■ PROBLEM TO SOLVE ■
Can you output the records below exactly as they are written?

■ AVAILABLE DATA ■
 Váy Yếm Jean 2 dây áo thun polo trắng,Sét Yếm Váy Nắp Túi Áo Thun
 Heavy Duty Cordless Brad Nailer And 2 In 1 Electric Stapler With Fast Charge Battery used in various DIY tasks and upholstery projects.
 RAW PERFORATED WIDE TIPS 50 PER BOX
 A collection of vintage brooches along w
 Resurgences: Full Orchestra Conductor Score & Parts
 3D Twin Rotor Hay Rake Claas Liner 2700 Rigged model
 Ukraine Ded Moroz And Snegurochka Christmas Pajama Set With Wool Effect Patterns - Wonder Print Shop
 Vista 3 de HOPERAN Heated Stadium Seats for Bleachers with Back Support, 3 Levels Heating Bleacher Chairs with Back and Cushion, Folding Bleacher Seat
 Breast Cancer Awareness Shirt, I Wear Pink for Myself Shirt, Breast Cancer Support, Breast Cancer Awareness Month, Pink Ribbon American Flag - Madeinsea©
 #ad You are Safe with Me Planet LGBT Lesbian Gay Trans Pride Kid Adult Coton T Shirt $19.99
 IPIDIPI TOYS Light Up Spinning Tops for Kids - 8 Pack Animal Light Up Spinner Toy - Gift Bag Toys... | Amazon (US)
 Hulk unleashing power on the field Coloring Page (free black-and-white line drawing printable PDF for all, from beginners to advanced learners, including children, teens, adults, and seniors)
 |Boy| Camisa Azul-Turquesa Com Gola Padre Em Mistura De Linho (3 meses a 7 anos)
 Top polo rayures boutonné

■ EXERCISE RESULT ■
 Váy Yếm Jean 2 dây áo thun polo trắng,Sét Yếm Váy Nắp Túi Áo Thun
 Heavy Duty Cordless Brad Nailer And 2 In 1 Electric Stapler With Fast Charge Battery used in various DIY tasks and upholstery projects.
 RAW PERFORATED WIDE TIPS 50 PER BOX
 A collection of vintage brooches along w
 Resurgences: Full Orchestra Conductor Score & Parts
 3D Twin Rotor Hay Rake Claas Liner 2700 Rigged model
 Ukraine Ded Moroz And Snegurochka Christmas Pajama Set With Wool Effect Patterns - Wonder Print Shop
 Vista 3 de HOPERAN Heated Stadium Seats for Bleachers with Back Support, 3 Levels Heating Bleacher Chairs with Back and Cushion, Folding Bleacher Seat
 Breast Cancer Awareness Shirt, I Wear Pink for Myself Shirt, Breast Cancer Support, Breast Cancer Awareness Month, Pink Ribbon American Flag - Madeinsea©
 #ad You are Safe with Me Planet LGBT Lesbian Gay Trans Pride Kid Adult Coton T Shirt $19.99
 IPIDIPI TOYS Light Up Spinning Tops for Kids - 8 Pack Animal Light Up Spinner Toy - Gift Bag Toys... | Amazon (US)
 Hulk unleashing power on the field Coloring Page (free black-and-white line drawing printable PDF for all, from beginners to advanced learners, including children, teens, adults, and seniors)
 |Boy| Camisa Azul-Turquesa Com Gola Padre Em Mistura De Linho (3 meses a 7 anos)
 Top polo rayures boutonné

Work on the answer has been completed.